[Information Boundary: Start]

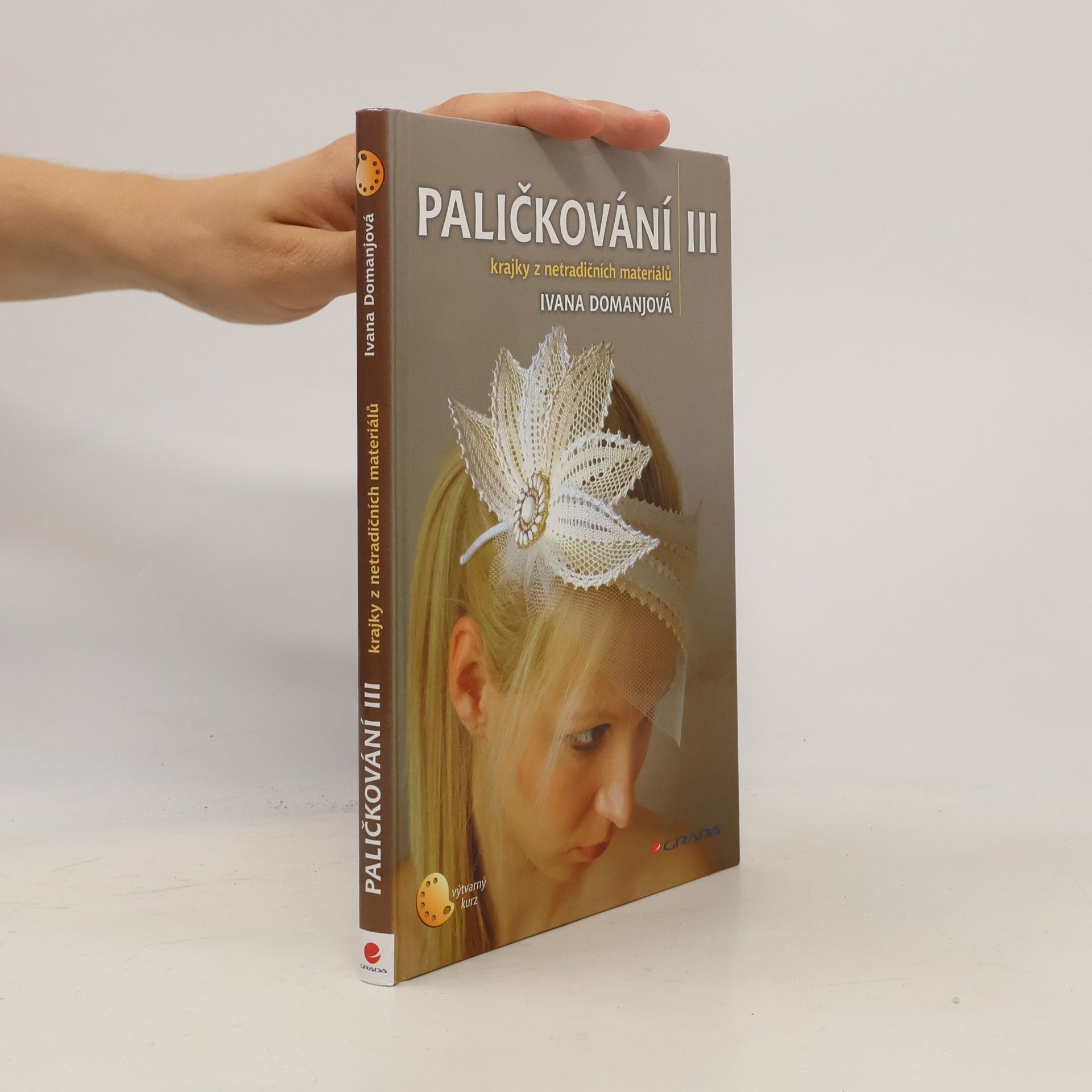Ivana Domanjová Paličkování III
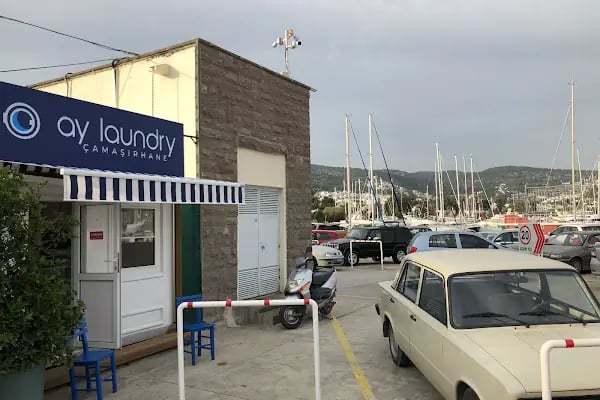 Ay Laundry/Çamaşırhane - Resim 2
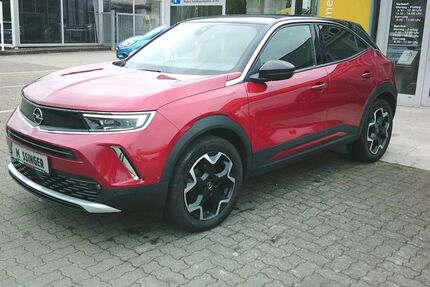 Opel Mokka Gebrauchtwagen
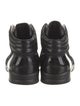 Gucci Interlocking G Logo Embroidered Accent Sneakers
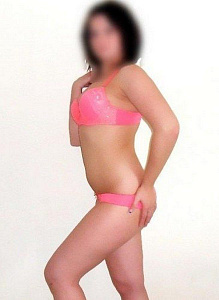 Виктория — эротические фото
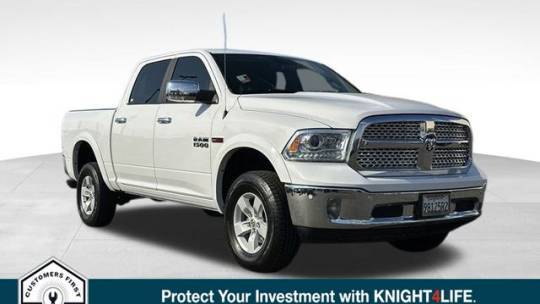2018 Ram 1500 Laramie — Pickup Truck — 114,618 mi — Elk Grove, CA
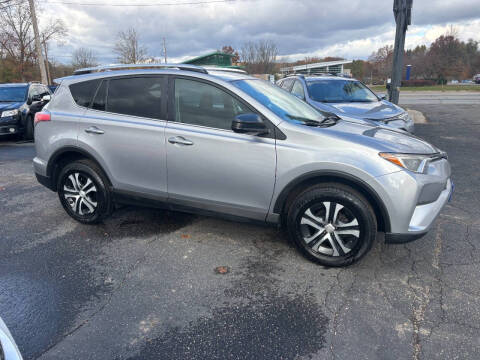 2016 Toyota RAV4 LE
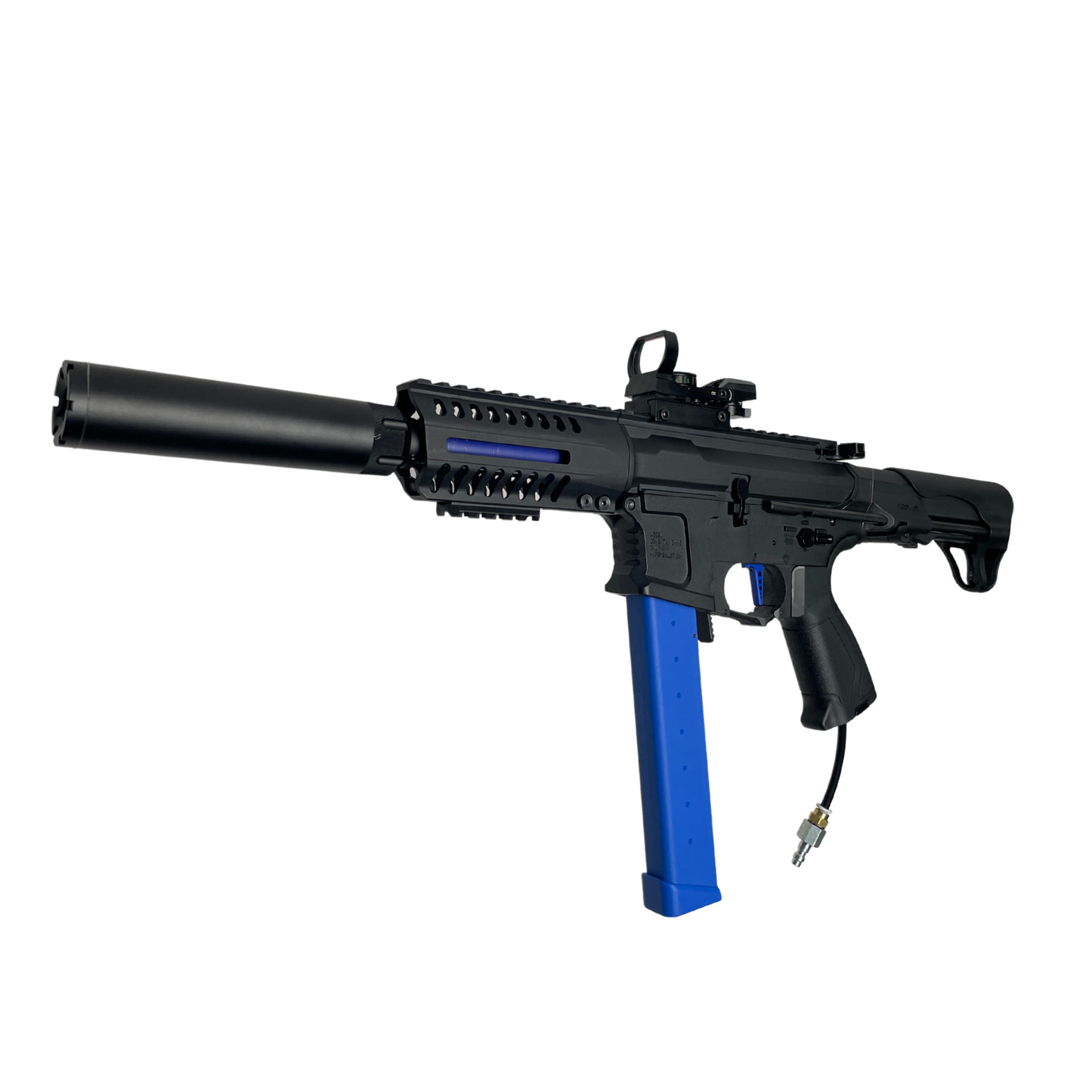 HPA „Kraken“ GBG Custom HPA – Gel Blaster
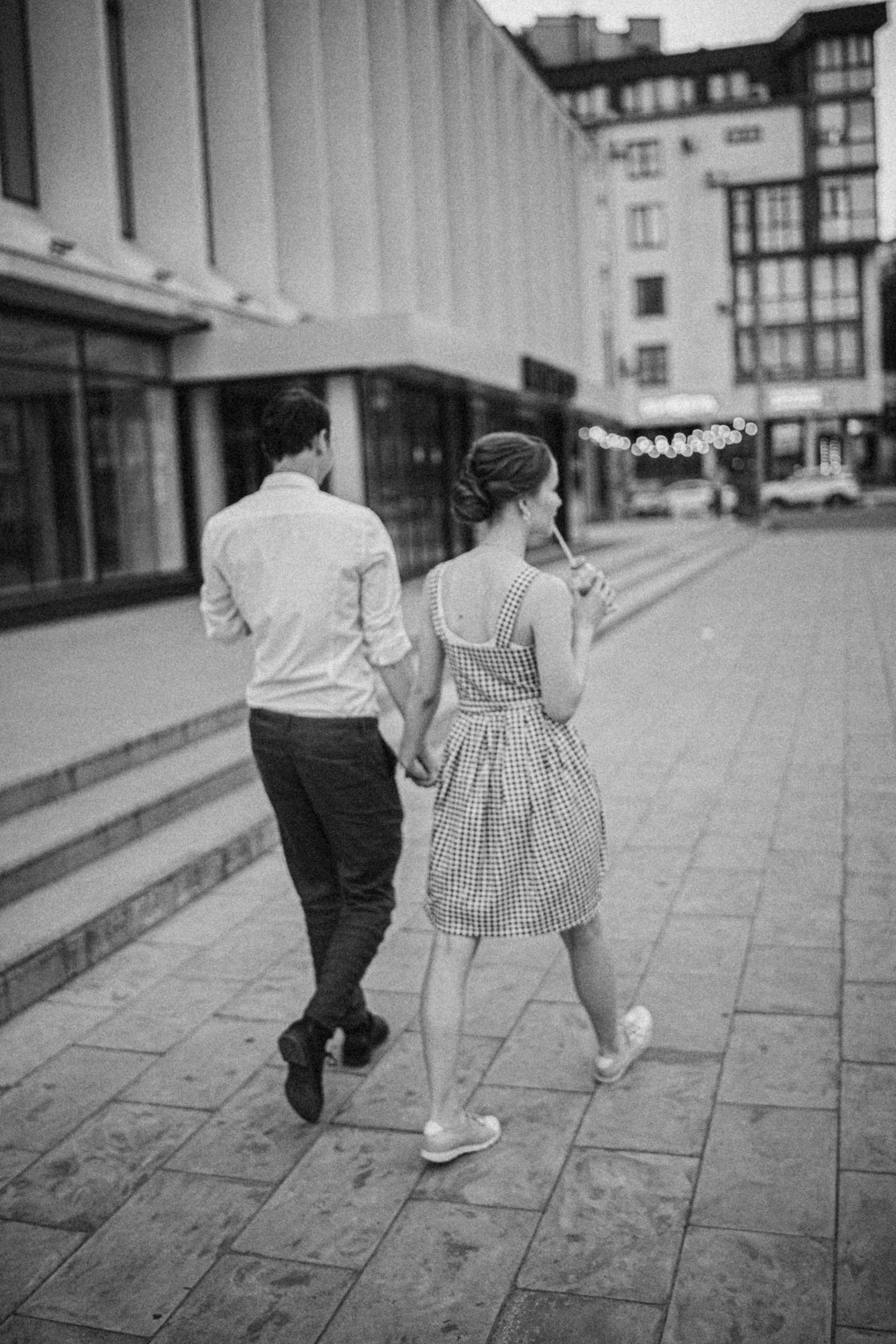 Матвей и Арина, предсвадебное Love story. Главная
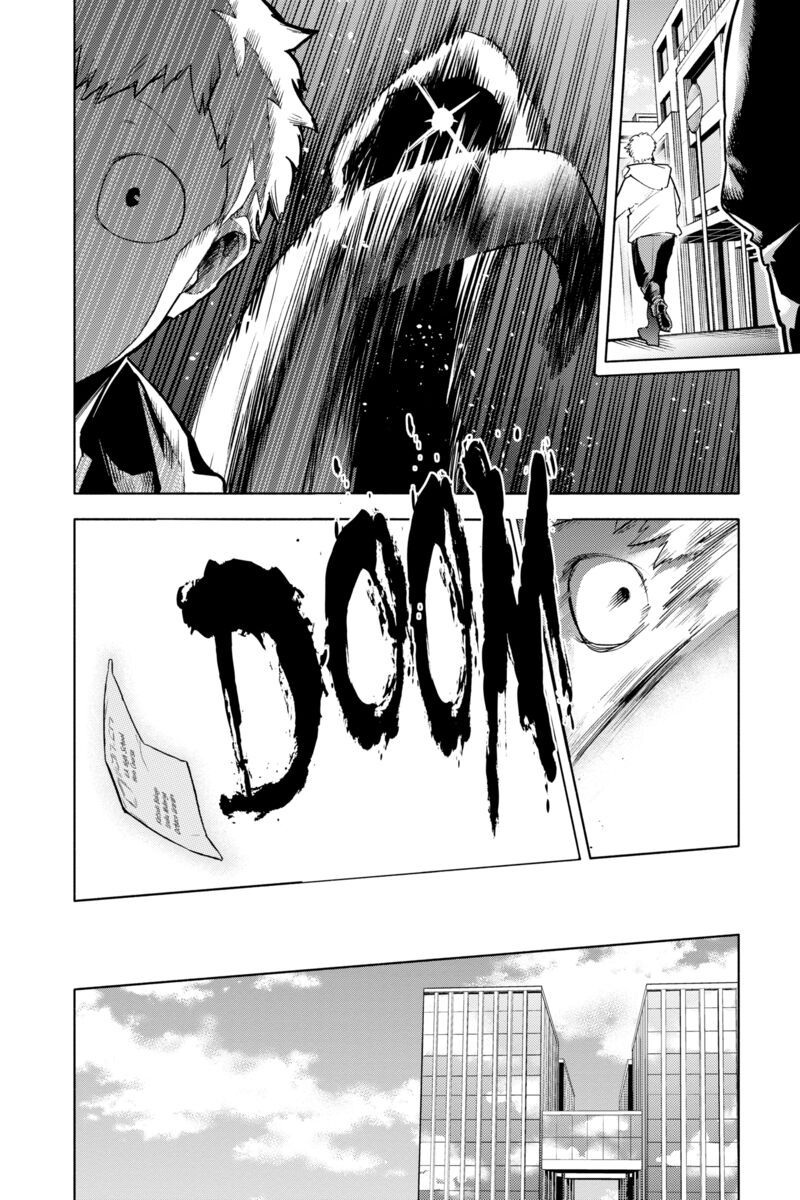 My Hero Academia Team Up Mission Chapter 50 Page 6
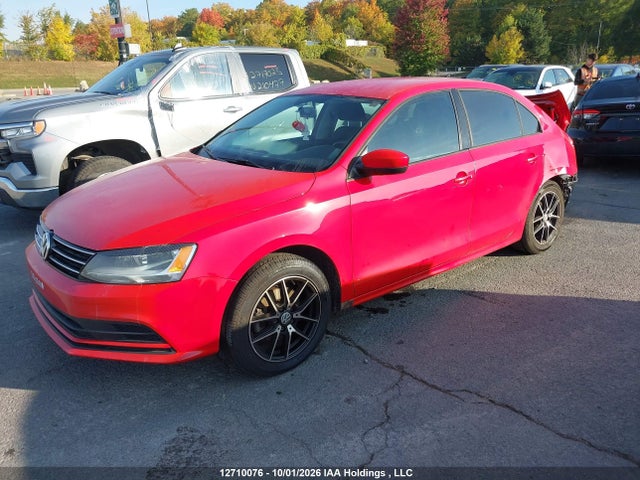 Volkswagen Jetta 2017 3VW167AJ7HM203573 Image 2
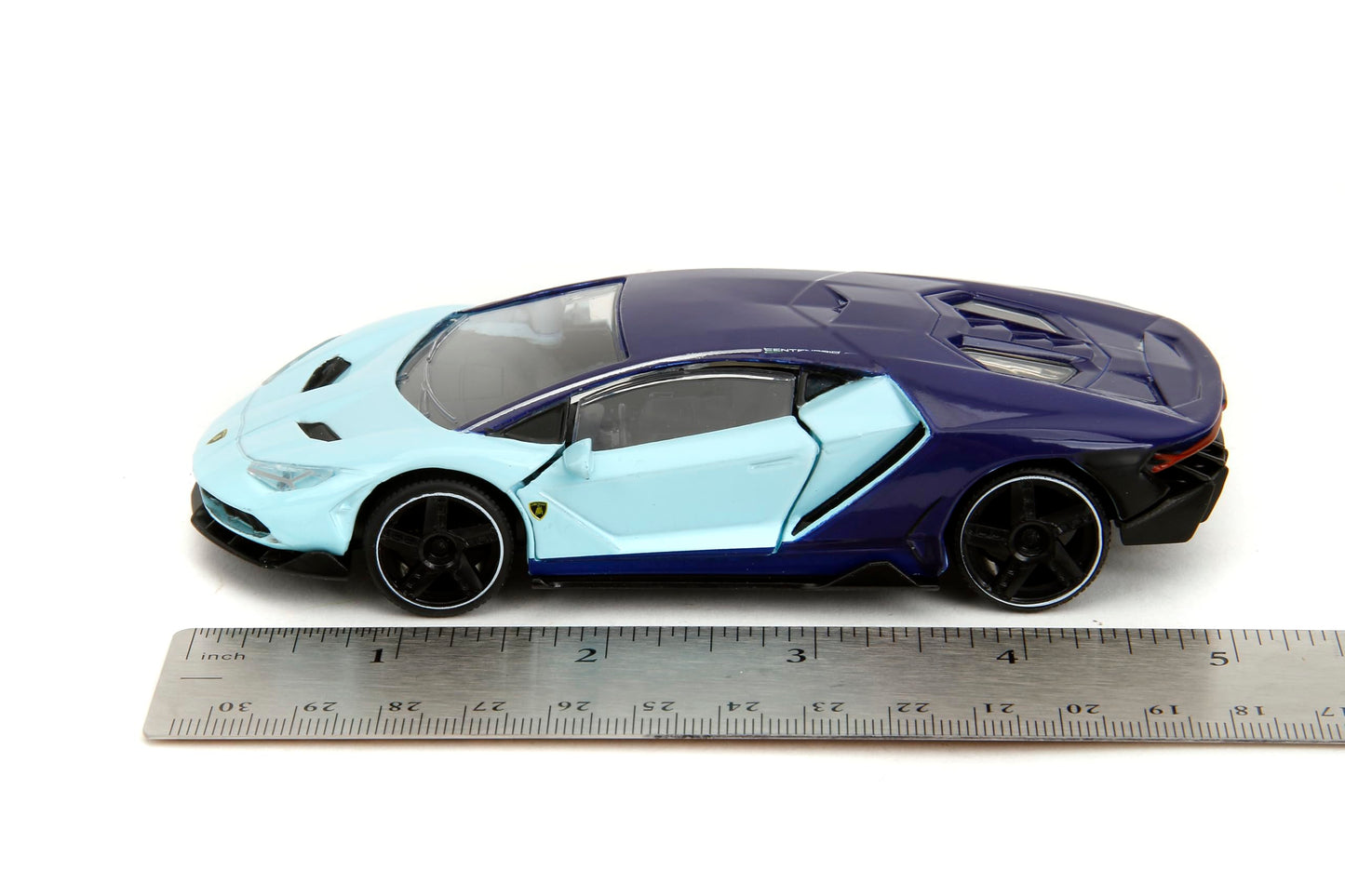 Jada Pink Slips 1:32 Lamborghini Centenario Die-Cast Car, Toys for Kids and Adults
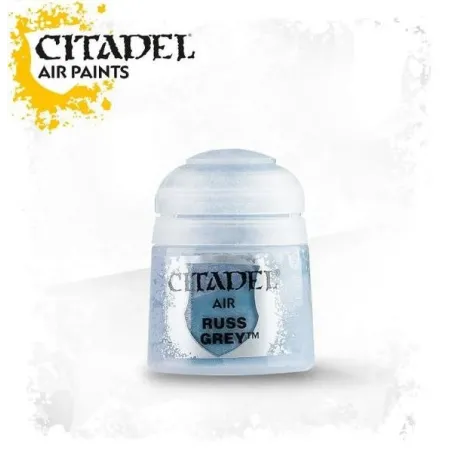 CITADEL AIR: RUSS GREY Paint -Airbrush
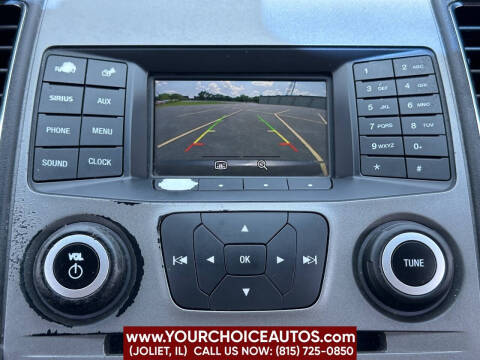 2015 Ford Taurus SEL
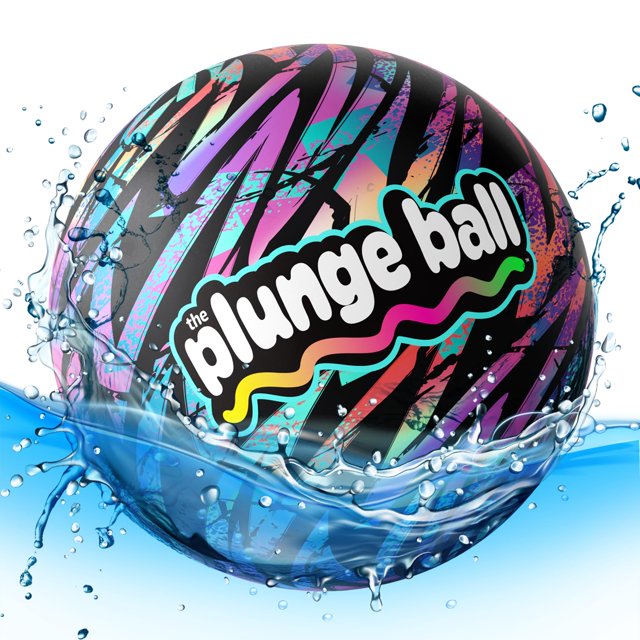 Juguetes de piscina Plunge Ball HydroSport para niños, adultos y familiares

[Information Boundary: End]

■ **Exercise directions**:
From the line with "Виктория — эротические фото" up to and including the line with "Jada Pink Slips" above, retype every line exactly and nothing more; leave out the pictures.

■ **Output below**:
 Виктория — эротические фото
2018 Ram 1500 Laramie — Pickup Truck — 114,618 mi — Elk Grove, CA
 2016 Toyota RAV4 LE
 HPA „Kraken“ GBG Custom HPA – Gel Blaster
 Матвей и Арина, предсвадебное Love story. Главная
 My Hero Academia Team Up Mission Chapter 50 Page 6
 Volkswagen Jetta 2017 3VW167AJ7HM203573 Image 2
 Jada Pink Slips 1:32 Lamborghini Centenario Die-Cast Car, Toys for Kids and Adults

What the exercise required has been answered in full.